What you will do: Output exactly, and only, the lines below from the one with "The Utility Coverall in Linen | Cedarwood" down to the one with "[Pre-owned] Chanel Vintage". Include both end lines and no pictures.

** Dataset follows **

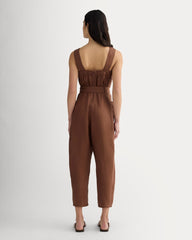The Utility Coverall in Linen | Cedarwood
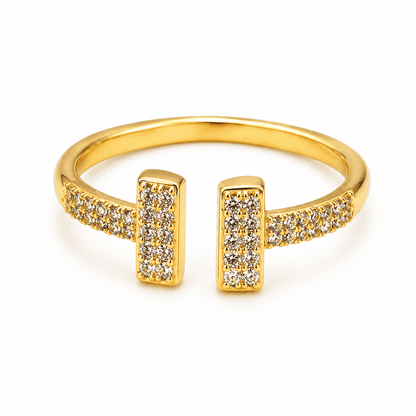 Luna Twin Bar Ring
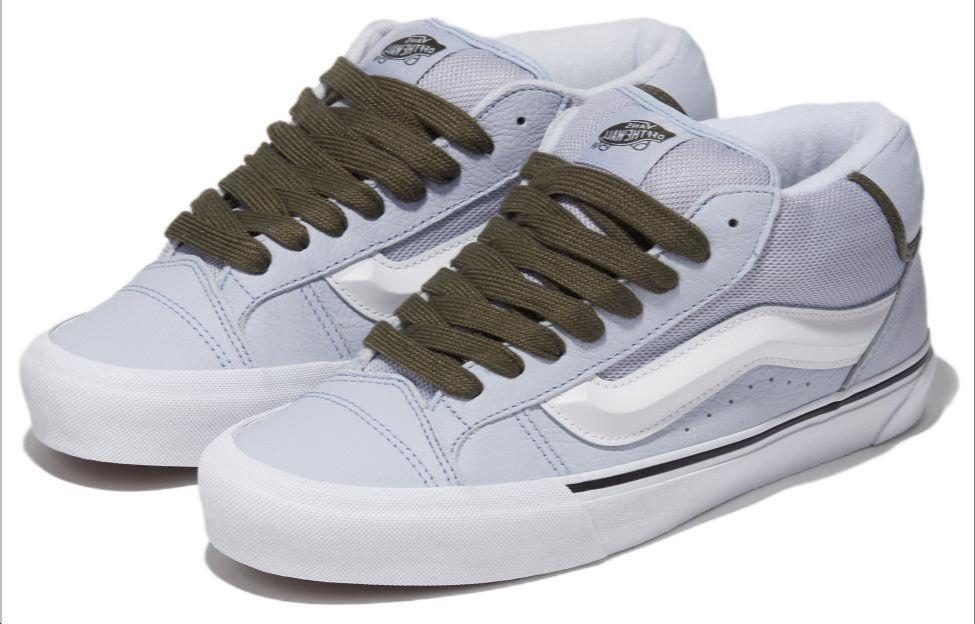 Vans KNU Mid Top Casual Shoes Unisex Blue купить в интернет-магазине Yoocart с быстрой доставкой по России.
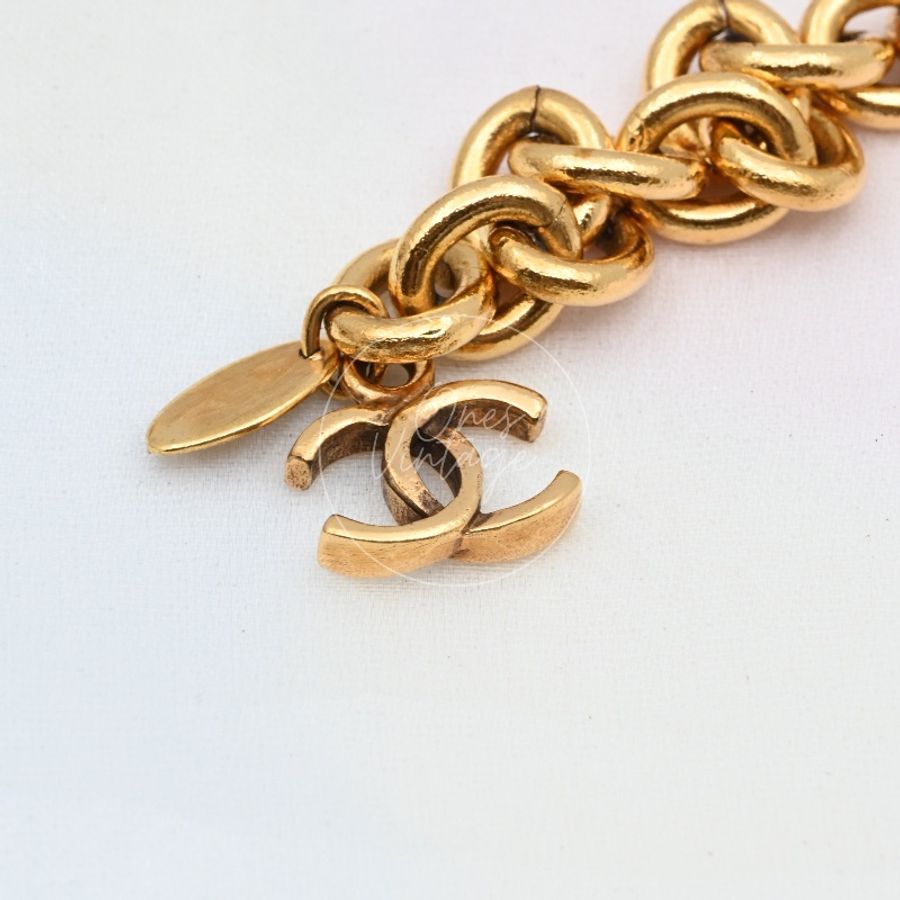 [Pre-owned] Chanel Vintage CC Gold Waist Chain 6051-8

** End of Dataset **
** Dataset follows **

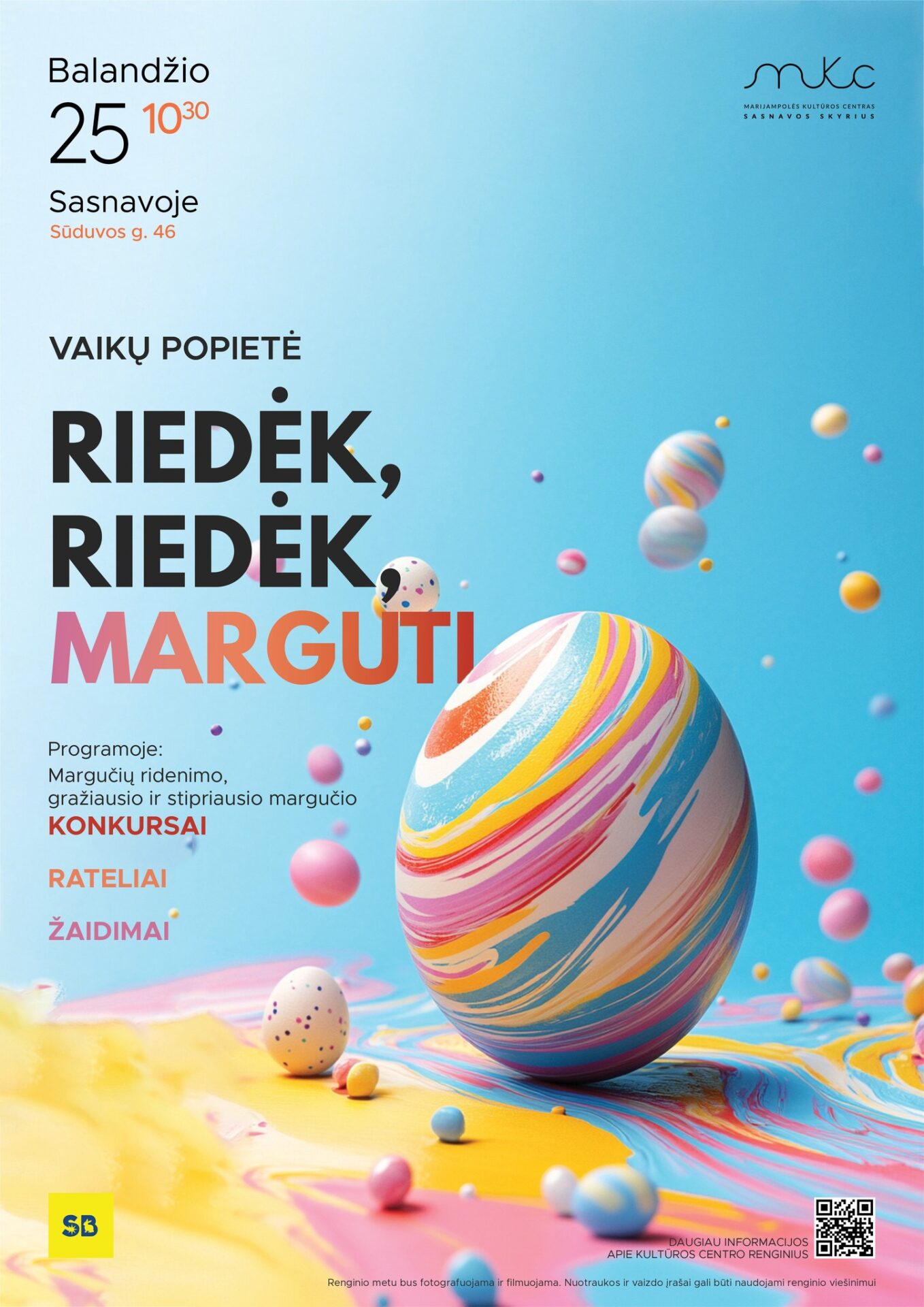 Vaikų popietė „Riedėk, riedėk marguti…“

** End of Dataset **

Output for this exercise:
The Utility Coverall in Linen | Cedarwood
 Luna Twin Bar Ring
 Vans KNU Mid Top Casual Shoes Unisex Blue купить в интернет-магазине Yoocart с быстрой доставкой по России.
 [Pre-owned] Chanel Vintage CC Gold Waist Chain 6051-8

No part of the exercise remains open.